↓
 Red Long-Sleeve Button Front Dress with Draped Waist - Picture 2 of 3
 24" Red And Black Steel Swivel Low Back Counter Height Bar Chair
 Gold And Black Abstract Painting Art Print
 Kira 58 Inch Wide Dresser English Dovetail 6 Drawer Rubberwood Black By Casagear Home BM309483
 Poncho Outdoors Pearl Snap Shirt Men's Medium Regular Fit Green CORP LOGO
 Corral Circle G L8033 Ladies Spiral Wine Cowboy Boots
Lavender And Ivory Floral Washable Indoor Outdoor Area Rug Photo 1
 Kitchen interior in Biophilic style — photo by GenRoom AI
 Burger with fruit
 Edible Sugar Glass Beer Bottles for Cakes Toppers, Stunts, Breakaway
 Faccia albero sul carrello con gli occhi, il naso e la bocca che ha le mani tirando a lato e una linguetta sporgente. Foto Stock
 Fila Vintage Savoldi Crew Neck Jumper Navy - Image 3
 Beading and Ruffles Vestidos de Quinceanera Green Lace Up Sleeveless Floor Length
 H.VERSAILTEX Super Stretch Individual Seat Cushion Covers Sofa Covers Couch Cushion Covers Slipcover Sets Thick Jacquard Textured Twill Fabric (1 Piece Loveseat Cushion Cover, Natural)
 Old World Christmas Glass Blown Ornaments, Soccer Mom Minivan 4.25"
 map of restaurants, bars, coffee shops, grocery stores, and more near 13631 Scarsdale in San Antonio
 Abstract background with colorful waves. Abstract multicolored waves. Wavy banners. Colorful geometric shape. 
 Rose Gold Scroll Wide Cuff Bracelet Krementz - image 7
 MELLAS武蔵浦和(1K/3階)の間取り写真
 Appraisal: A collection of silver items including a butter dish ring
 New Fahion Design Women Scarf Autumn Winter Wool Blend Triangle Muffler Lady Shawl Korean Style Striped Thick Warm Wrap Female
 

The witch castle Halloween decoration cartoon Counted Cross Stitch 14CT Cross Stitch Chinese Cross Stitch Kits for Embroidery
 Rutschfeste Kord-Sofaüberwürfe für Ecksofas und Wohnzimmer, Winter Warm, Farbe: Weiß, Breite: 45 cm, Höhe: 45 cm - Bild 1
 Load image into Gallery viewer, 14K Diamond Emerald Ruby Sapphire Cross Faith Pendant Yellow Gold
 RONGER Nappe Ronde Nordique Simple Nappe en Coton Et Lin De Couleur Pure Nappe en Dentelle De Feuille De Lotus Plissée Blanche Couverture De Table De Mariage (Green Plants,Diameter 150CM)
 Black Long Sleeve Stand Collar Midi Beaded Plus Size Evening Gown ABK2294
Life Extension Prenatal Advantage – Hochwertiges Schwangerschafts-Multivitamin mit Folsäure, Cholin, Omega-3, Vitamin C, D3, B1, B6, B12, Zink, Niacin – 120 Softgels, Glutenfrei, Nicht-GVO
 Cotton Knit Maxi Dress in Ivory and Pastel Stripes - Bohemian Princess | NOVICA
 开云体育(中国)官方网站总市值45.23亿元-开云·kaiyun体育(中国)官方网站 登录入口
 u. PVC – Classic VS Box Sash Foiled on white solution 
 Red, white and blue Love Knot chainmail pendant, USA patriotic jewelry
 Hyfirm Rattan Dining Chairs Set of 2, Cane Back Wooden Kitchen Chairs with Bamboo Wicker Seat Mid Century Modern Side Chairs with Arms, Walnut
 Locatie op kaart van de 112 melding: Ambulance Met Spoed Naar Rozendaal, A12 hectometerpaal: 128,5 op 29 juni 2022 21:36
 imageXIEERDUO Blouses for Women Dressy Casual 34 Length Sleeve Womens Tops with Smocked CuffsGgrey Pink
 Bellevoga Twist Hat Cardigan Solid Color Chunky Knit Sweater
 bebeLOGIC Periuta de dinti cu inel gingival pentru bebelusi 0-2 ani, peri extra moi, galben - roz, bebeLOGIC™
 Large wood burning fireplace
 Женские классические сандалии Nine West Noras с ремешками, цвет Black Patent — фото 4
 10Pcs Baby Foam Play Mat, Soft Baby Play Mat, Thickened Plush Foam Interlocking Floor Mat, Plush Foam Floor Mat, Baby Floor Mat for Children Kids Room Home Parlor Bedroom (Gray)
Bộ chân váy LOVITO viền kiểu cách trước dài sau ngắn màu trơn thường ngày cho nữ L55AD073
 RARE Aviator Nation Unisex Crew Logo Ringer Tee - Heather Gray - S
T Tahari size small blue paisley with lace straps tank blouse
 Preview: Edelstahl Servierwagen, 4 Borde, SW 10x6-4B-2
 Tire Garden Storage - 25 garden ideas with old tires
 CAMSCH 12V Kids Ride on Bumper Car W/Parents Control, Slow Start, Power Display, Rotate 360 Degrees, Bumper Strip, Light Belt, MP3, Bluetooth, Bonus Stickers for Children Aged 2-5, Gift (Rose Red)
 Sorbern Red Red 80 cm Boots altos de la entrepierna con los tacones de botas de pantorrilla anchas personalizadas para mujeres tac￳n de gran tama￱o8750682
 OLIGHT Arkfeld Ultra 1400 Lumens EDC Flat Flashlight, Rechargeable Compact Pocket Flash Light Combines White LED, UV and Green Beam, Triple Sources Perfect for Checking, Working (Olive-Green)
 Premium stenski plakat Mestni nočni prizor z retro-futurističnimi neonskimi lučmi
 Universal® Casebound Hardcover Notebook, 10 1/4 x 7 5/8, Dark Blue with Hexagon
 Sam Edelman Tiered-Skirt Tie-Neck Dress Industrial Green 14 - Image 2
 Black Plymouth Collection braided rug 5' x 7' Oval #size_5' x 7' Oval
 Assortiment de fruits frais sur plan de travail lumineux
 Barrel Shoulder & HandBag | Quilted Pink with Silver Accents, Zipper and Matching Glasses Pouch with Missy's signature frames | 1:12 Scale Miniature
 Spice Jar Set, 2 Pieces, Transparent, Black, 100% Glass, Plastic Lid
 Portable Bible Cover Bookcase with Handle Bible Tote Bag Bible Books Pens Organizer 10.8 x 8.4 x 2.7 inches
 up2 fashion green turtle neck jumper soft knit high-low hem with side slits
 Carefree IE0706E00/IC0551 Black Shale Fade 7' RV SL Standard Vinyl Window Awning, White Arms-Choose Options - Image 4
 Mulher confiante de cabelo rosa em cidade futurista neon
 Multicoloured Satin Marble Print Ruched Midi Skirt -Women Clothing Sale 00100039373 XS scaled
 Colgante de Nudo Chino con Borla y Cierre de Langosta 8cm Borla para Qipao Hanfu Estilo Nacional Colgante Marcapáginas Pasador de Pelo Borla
↑
Write every record above out again exactly as it stands.

TASK SOLUTION:
 Red Long-Sleeve Button Front Dress with Draped Waist - Picture 2 of 3
 24" Red And Black Steel Swivel Low Back Counter Height Bar Chair
 Gold And Black Abstract Painting Art Print
 Kira 58 Inch Wide Dresser English Dovetail 6 Drawer Rubberwood Black By Casagear Home BM309483
 Poncho Outdoors Pearl Snap Shirt Men's Medium Regular Fit Green CORP LOGO
 Corral Circle G L8033 Ladies Spiral Wine Cowboy Boots
Lavender And Ivory Floral Washable Indoor Outdoor Area Rug Photo 1
 Kitchen interior in Biophilic style — photo by GenRoom AI
 Burger with fruit
 Edible Sugar Glass Beer Bottles for Cakes Toppers, Stunts, Breakaway
 Faccia albero sul carrello con gli occhi, il naso e la bocca che ha le mani tirando a lato e una linguetta sporgente. Foto Stock
 Fila Vintage Savoldi Crew Neck Jumper Navy - Image 3
 Beading and Ruffles Vestidos de Quinceanera Green Lace Up Sleeveless Floor Length
 H.VERSAILTEX Super Stretch Individual Seat Cushion Covers Sofa Covers Couch Cushion Covers Slipcover Sets Thick Jacquard Textured Twill Fabric (1 Piece Loveseat Cushion Cover, Natural)
 Old World Christmas Glass Blown Ornaments, Soccer Mom Minivan 4.25"
 map of restaurants, bars, coffee shops, grocery stores, and more near 13631 Scarsdale in San Antonio
 Abstract background with colorful waves. Abstract multicolored waves. Wavy banners. Colorful geometric shape. 
 Rose Gold Scroll Wide Cuff Bracelet Krementz - image 7
 MELLAS武蔵浦和(1K/3階)の間取り写真
 Appraisal: A collection of silver items including a butter dish ring
 New Fahion Design Women Scarf Autumn Winter Wool Blend Triangle Muffler Lady Shawl Korean Style Striped Thick Warm Wrap Female
 

The witch castle Halloween decoration cartoon Counted Cross Stitch 14CT Cross Stitch Chinese Cross Stitch Kits for Embroidery
 Rutschfeste Kord-Sofaüberwürfe für Ecksofas und Wohnzimmer, Winter Warm, Farbe: Weiß, Breite: 45 cm, Höhe: 45 cm - Bild 1
 Load image into Gallery viewer, 14K Diamond Emerald Ruby Sapphire Cross Faith Pendant Yellow Gold
 RONGER Nappe Ronde Nordique Simple Nappe en Coton Et Lin De Couleur Pure Nappe en Dentelle De Feuille De Lotus Plissée Blanche Couverture De Table De Mariage (Green Plants,Diameter 150CM)
 Black Long Sleeve Stand Collar Midi Beaded Plus Size Evening Gown ABK2294
Life Extension Prenatal Advantage – Hochwertiges Schwangerschafts-Multivitamin mit Folsäure, Cholin, Omega-3, Vitamin C, D3, B1, B6, B12, Zink, Niacin – 120 Softgels, Glutenfrei, Nicht-GVO
 Cotton Knit Maxi Dress in Ivory and Pastel Stripes - Bohemian Princess | NOVICA
 开云体育(中国)官方网站总市值45.23亿元-开云·kaiyun体育(中国)官方网站 登录入口
 u. PVC – Classic VS Box Sash Foiled on white solution 
 Red, white and blue Love Knot chainmail pendant, USA patriotic jewelry
 Hyfirm Rattan Dining Chairs Set of 2, Cane Back Wooden Kitchen Chairs with Bamboo Wicker Seat Mid Century Modern Side Chairs with Arms, Walnut
 Locatie op kaart van de 112 melding: Ambulance Met Spoed Naar Rozendaal, A12 hectometerpaal: 128,5 op 29 juni 2022 21:36
 imageXIEERDUO Blouses for Women Dressy Casual 34 Length Sleeve Womens Tops with Smocked CuffsGgrey Pink
 Bellevoga Twist Hat Cardigan Solid Color Chunky Knit Sweater
 bebeLOGIC Periuta de dinti cu inel gingival pentru bebelusi 0-2 ani, peri extra moi, galben - roz, bebeLOGIC™
 Large wood burning fireplace
 Женские классические сандалии Nine West Noras с ремешками, цвет Black Patent — фото 4
 10Pcs Baby Foam Play Mat, Soft Baby Play Mat, Thickened Plush Foam Interlocking Floor Mat, Plush Foam Floor Mat, Baby Floor Mat for Children Kids Room Home Parlor Bedroom (Gray)
Bộ chân váy LOVITO viền kiểu cách trước dài sau ngắn màu trơn thường ngày cho nữ L55AD073
 RARE Aviator Nation Unisex Crew Logo Ringer Tee - Heather Gray - S
T Tahari size small blue paisley with lace straps tank blouse
 Preview: Edelstahl Servierwagen, 4 Borde, SW 10x6-4B-2
 Tire Garden Storage - 25 garden ideas with old tires
 CAMSCH 12V Kids Ride on Bumper Car W/Parents Control, Slow Start, Power Display, Rotate 360 Degrees, Bumper Strip, Light Belt, MP3, Bluetooth, Bonus Stickers for Children Aged 2-5, Gift (Rose Red)
 Sorbern Red Red 80 cm Boots altos de la entrepierna con los tacones de botas de pantorrilla anchas personalizadas para mujeres tac￳n de gran tama￱o8750682
 OLIGHT Arkfeld Ultra 1400 Lumens EDC Flat Flashlight, Rechargeable Compact Pocket Flash Light Combines White LED, UV and Green Beam, Triple Sources Perfect for Checking, Working (Olive-Green)
 Premium stenski plakat Mestni nočni prizor z retro-futurističnimi neonskimi lučmi
 Universal® Casebound Hardcover Notebook, 10 1/4 x 7 5/8, Dark Blue with Hexagon
 Sam Edelman Tiered-Skirt Tie-Neck Dress Industrial Green 14 - Image 2
 Black Plymouth Collection braided rug 5' x 7' Oval #size_5' x 7' Oval
 Assortiment de fruits frais sur plan de travail lumineux
 Barrel Shoulder & HandBag | Quilted Pink with Silver Accents, Zipper and Matching Glasses Pouch with Missy's signature frames | 1:12 Scale Miniature
 Spice Jar Set, 2 Pieces, Transparent, Black, 100% Glass, Plastic Lid
 Portable Bible Cover Bookcase with Handle Bible Tote Bag Bible Books Pens Organizer 10.8 x 8.4 x 2.7 inches
 up2 fashion green turtle neck jumper soft knit high-low hem with side slits
 Carefree IE0706E00/IC0551 Black Shale Fade 7' RV SL Standard Vinyl Window Awning, White Arms-Choose Options - Image 4
 Mulher confiante de cabelo rosa em cidade futurista neon
 Multicoloured Satin Marble Print Ruched Midi Skirt -Women Clothing Sale 00100039373 XS scaled
 Colgante de Nudo Chino con Borla y Cierre de Langosta 8cm Borla para Qipao Hanfu Estilo Nacional Colgante Marcapáginas Pasador de Pelo Borla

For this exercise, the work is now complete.